From: Andrew Morton <akpm@linux-foundation.org>
To: mm-commits@vger.kernel.org,ying.huang@intel.com,willy@infradead.org,osalvador@suse.de,nvdimm@lists.linux.dev,mhocko@suse.com,lizhijian@fujitsu.com,Jonathan.Cameron@huawei.com,gregkh@linuxfoundation.org,david@redhat.com,dave.jiang@intel.com,dave.hansen@linux.intel.com,dan.j.williams@intel.com,vishal.l.verma@intel.com,akpm@linux-foundation.org
Subject: + dax-busc-replace-driver-core-lock-usage-by-a-local-rwsem.patch added to mm-unstable branch
Date: Thu, 25 Jan 2024 18:16:27 -0800 [thread overview]
Message-ID: <20240126021631.40EC6C433F1@smtp.kernel.org> (raw)
The patch titled
Subject: dax/bus.c: replace driver-core lock usage by a local rwsem
has been added to the -mm mm-unstable branch.

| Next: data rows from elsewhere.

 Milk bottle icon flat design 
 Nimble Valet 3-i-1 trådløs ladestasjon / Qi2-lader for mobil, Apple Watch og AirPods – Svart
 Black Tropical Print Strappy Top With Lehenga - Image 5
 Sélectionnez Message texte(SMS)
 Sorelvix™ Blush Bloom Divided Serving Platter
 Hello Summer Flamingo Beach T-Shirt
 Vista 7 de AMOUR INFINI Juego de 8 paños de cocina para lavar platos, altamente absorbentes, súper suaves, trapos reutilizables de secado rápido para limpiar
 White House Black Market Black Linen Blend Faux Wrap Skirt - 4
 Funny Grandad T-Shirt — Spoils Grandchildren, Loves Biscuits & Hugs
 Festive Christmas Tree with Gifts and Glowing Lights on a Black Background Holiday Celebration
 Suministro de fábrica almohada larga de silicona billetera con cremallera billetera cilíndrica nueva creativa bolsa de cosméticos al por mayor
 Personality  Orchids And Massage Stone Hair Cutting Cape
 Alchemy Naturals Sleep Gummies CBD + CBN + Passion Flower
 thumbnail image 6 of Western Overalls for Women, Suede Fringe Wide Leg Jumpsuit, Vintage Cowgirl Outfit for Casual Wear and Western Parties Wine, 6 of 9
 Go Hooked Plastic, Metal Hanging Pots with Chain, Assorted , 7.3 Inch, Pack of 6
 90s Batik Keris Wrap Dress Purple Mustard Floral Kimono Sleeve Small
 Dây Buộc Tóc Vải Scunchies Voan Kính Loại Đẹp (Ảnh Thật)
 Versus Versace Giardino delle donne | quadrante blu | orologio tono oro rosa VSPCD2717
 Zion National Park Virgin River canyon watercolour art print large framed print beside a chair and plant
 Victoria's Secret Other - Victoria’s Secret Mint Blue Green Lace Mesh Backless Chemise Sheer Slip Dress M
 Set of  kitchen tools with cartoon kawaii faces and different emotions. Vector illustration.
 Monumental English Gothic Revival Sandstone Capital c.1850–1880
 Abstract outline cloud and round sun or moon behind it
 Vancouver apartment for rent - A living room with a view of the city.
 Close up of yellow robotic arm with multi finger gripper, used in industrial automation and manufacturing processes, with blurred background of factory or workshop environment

Its filename is
dax-busc-replace-driver-core-lock-usage-by-a-local-rwsem.patch
This patch will shortly appear at
https://git.kernel.org/pub/scm/linux/kernel/git/akpm/25-new.git/tree/patches/dax-busc-replace-driver-core-lock-usage-by-a-local-rwsem.patch
This patch will later appear in the mm-unstable branch at
git://git.kernel.org/pub/scm/linux/kernel/git/akpm/mm
Before you just go and hit "reply", please:
a) Consider who else should be cc'ed
b) Prefer to cc a suitable mailing list as well
c) Ideally: find the original patch on the mailing list and do a
reply-to-all to that, adding suitable additional cc's
*** Remember to use Documentation/process/submit-checklist.rst when testing your code ***
The -mm tree is included into linux-next via the mm-everything
branch at git://git.kernel.org/pub/scm/linux/kernel/git/akpm/mm
and is updated there every 2-3 working days
------------------------------------------------------
From: Vishal Verma <vishal.l.verma@intel.com>
Subject: dax/bus.c: replace driver-core lock usage by a local rwsem
Date: Wed, 24 Jan 2024 12:03:46 -0800
Patch series "Add DAX ABI for memmap_on_memory", v7.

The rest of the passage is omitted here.